I have a file like this:
$urls = [
{name:'Venture Capitals',
sites: [
'http://blog.ycombinator.com/posts.atom',
'http://themacro.com/feed.xml',
'http://a16z.com/feed/',
'http://firstround.com/review/feed.xml',
'http://www.kpcb.com/blog.rss',
'https://library.gv.com/feed',
'http://theaccelblog.squarespace.com/blog?format=RSS',
'https://medium.com/feed/accel-insights',
'http://500.co/blog/posts/feed/',
'http://feeds.feedburner.com/upfrontinsights?format=xml',
'http://versionone.vc/feed/',
'http://nextviewventures.com/blog/feed/',
]},
{name:'Companies and Groups',
sites: [
{name:'Product Companies',
sites: [
'https://m.signalvnoise.com/feed',
'http://feeds.feedburner.com/insideintercom',
'http://www.kickstarter.com/blog.atom',
'http://blog.invisionapp.com/feed/',
'http://feeds.feedburner.com/bufferapp',
'https://open.buffer.com/feed/',
'https://blog.asana.com/feed/',
'http://blog.drift.com/rss.xml',
'https://www.groovehq.com/blog/feed',]},
{name:'Consulting Groups, Studios',
sites: [
'http://svpg.com/articles/rss',
'http://www.thoughtworks.com/rss/insights.xml',
'http://zurb.com/blog/rss',]},
{name:'Communities',
sites: [
'http://alistapart.com/main/feed',
'https://www.mindtheproduct.com/feed/',]},
]},
]
I have organized the $url into different groups. Now I want to extract all the urls out (the link in the sites), how should I do?

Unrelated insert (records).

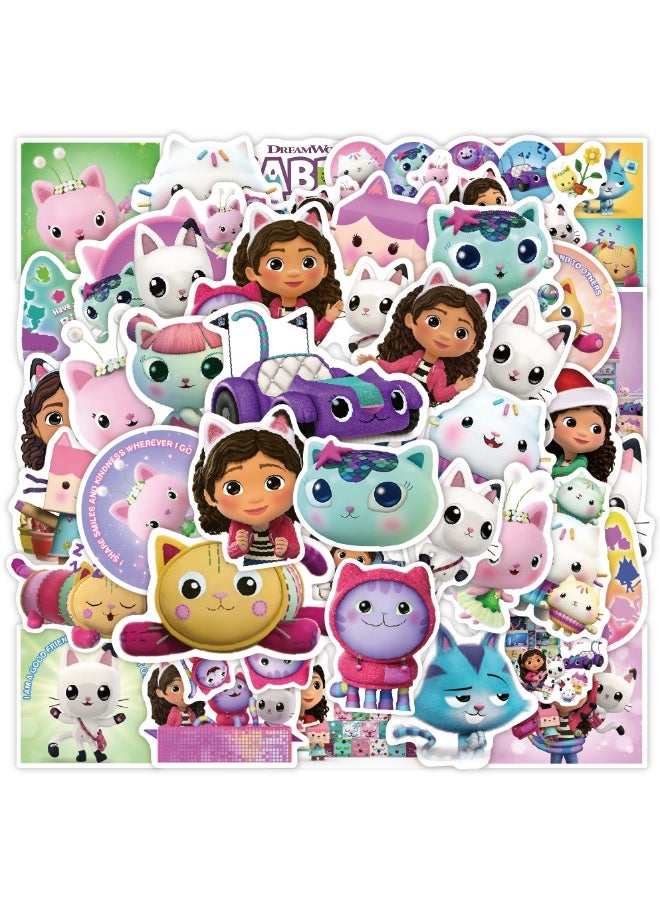 NIBEMINENT 50 Pcs Cartoon Gabby's Dollhouse Deco Kit Waterproof Stickers, High Definition Printing Bright Colors, Suitable for Laptop Skateboard Luggage Water Bottle Guitar DIY - Image 1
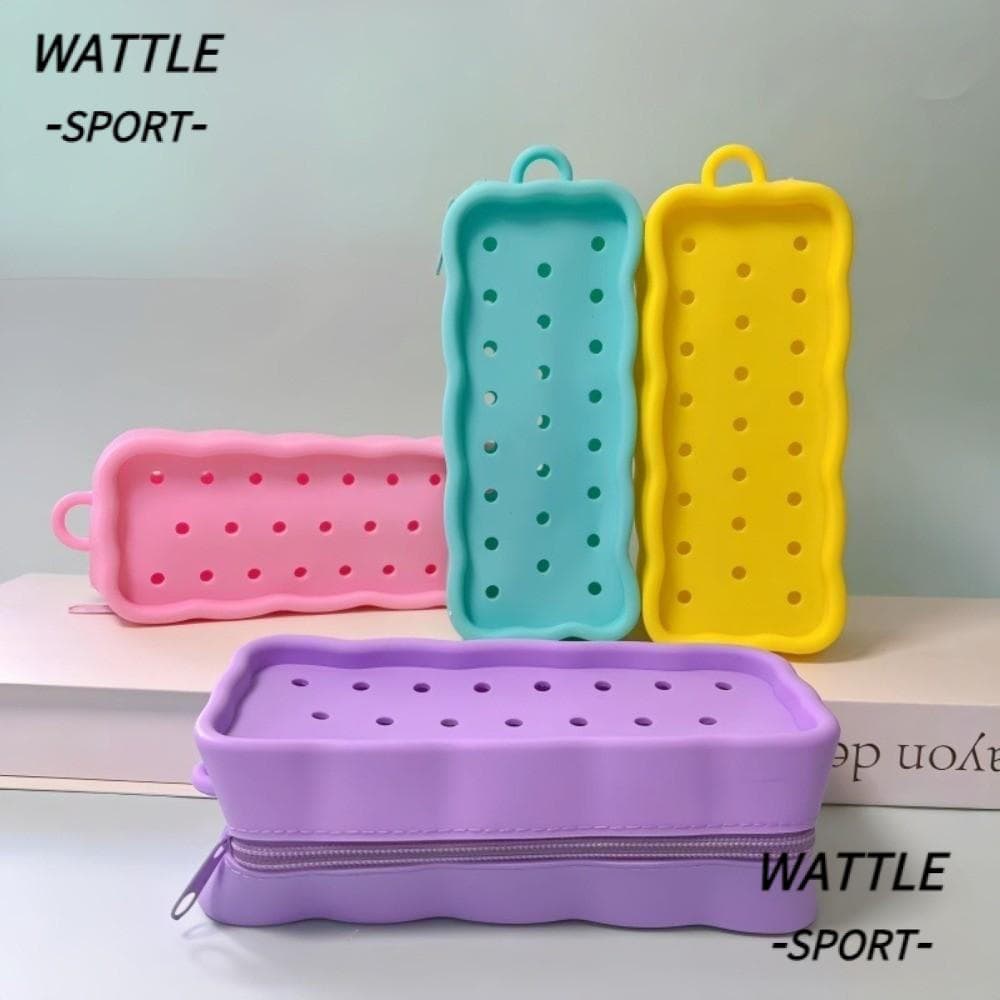 Bolsa De Caneta Com Furo De Silicone WATTLE , Papelaria Para Estudantes De Grande Capacidade À Prova D'água Lápis DIY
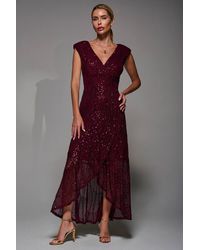 Jolie Moi - Sequin Asymmetric Ruffle Hem Maxi Dress - Lyst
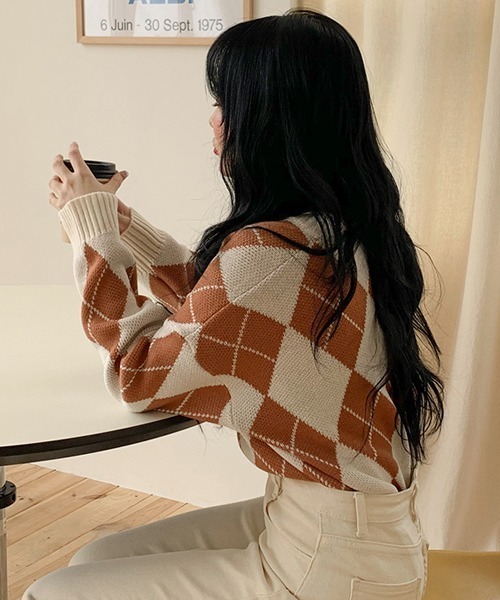 「SONA」 「MYMYT＆MONOCODE」長袖ニット FREE ライトブラウン レディース_画像6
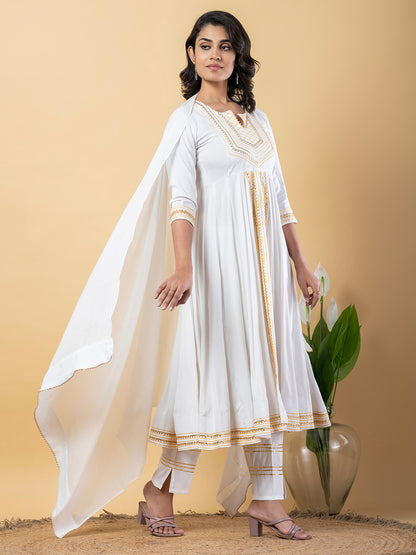 White Anarkali Premium Rayon Kurta Pant Set with Cotton Dupatta Designer–3 Piece Ready to Wear Salwar Kameez Suit Set-750131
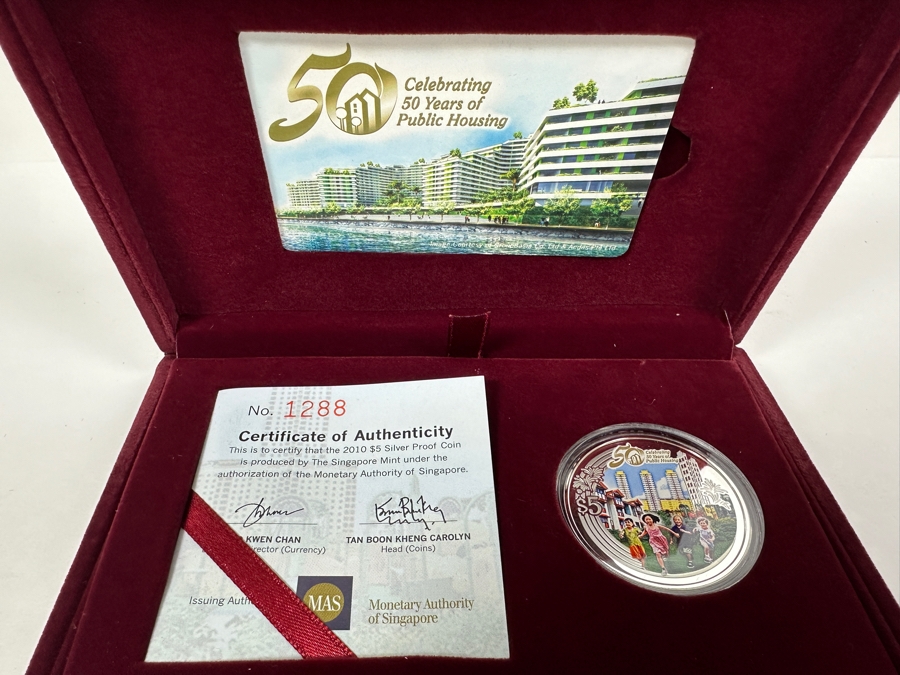 Rare .999 Fine Silver $5 Dollar Proof Coin 2010 Celebrating 50 Years Of Public Housing In Singaport From The Singapore Mint Limited To 8,000 Coins 20g [Photo 2]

The main problem is that, there are sites within sites, as the file showed above.
My problems are:
Am I using a proper file structure to save these links? (array within array). If not, what would be good way to save and group them?
How can I extract all the urls out into a flattened array? so I can later iterate through the list.
I can do this pretty manually, like the code shown below.
sites = []
$urls.each do |item|
item[:sites].each do |sub_item|
if sub_item.is_a?(Hash)
sites.concat sub_item[:sites]
else
sites.append sub_item
end
end
end
File.open('lib/flatten_sites.yaml', 'w') { |fo| fo.puts sites.to_yaml }
But I just feel this is bad code.
An alternative in this specific case, is to collect all the sites attribute, but I feel this is also very constrained, and may not help in some other cases.